Music Schools Help You Find Your Voice
Do you have a great singing voice? Do you play one or more musical instruments well? And are you prepared to travel a lot and work strange hours? If you answered yes on more than one of those questions and you want a job in the music industry, music schools and classes provide instrumental or voice training that sets you apart from the crowd.
There are plenty of good musicians; simply having a nice voice or being able to play an instrument will not be enough to create a demand for your music in this extremely competitive job market. Music schools offer classes and courses to help you earn a certificate, diploma, or degree and turn your natural talent into something extraordinary--a skill.

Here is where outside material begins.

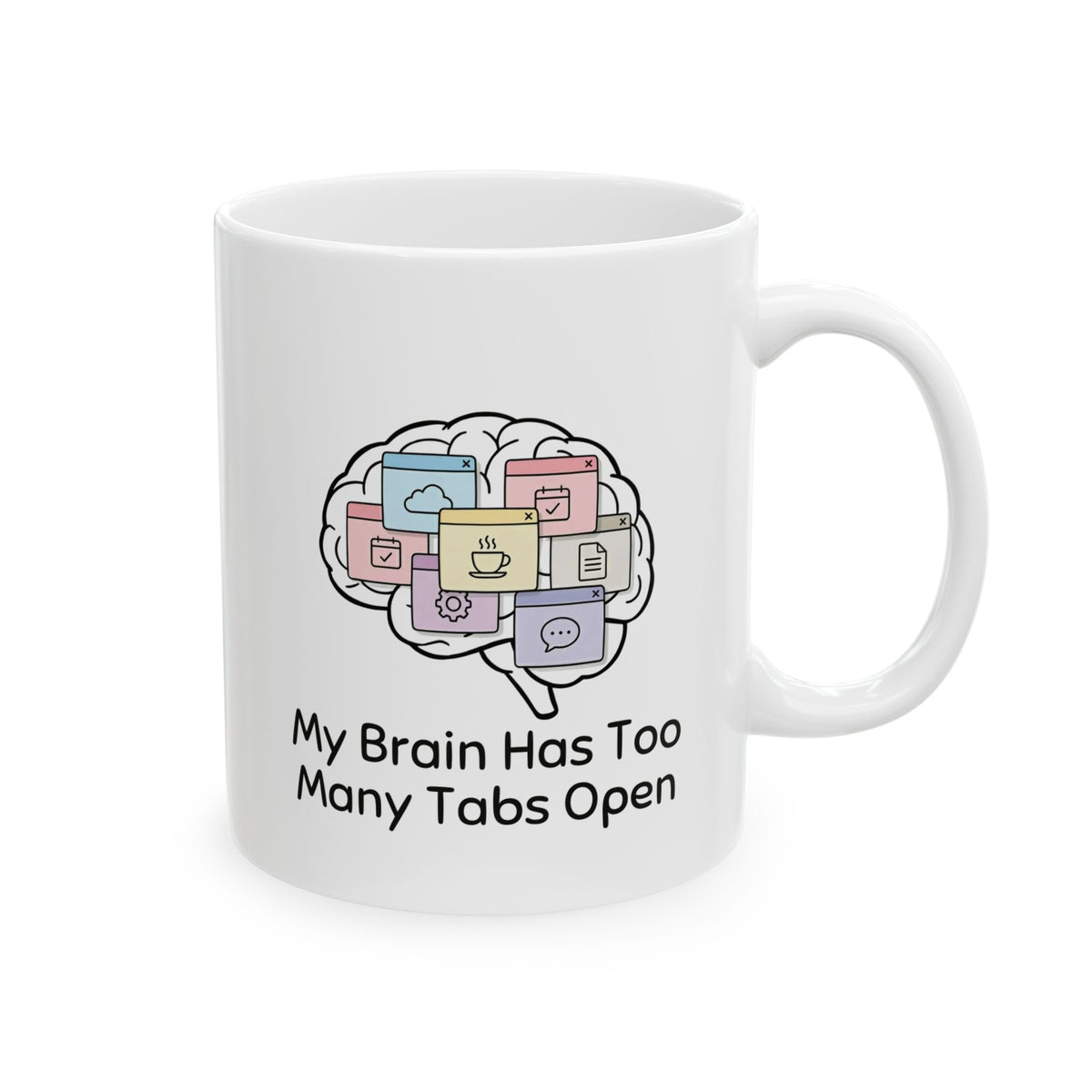 Too Many Tabs Open – Humor Collection | Funny Coffee Mug 11oz / 15oz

Tune up Your Resume with Music School Training
According to the U.S. Bureau of Labor Statistics (BLS), the job field for salaried musicians is expected to grow at the average pace for all jobs: about 10 percent between 2006 and 2016. Approximately 196,000 people worked in singing or instrumental music in 2006, and BLS expects about 20,000 additional salaried musicians to join the work force by 2016. For self-employed musicians, however--such as those who perform in small local venues at night--the number of jobs is projected to increase by only about 5 percent.
In 2006, the median hourly wage for musicians who specialized in singing or instrumental music was $28.28, as compared to composers and directors, who earned a median hourly wage of $26.36. Of the wage- and salary-earning musicians, more than a third work for religious organizations.
To be considered for the highest-paying jobs in the music industry, make sure you get the training that only an accredited music school can provide. Courses designed to help you fine-tune your talent can turn into a certificate, diploma, or degree. Just as importantly, they'll help make you a star in your own career.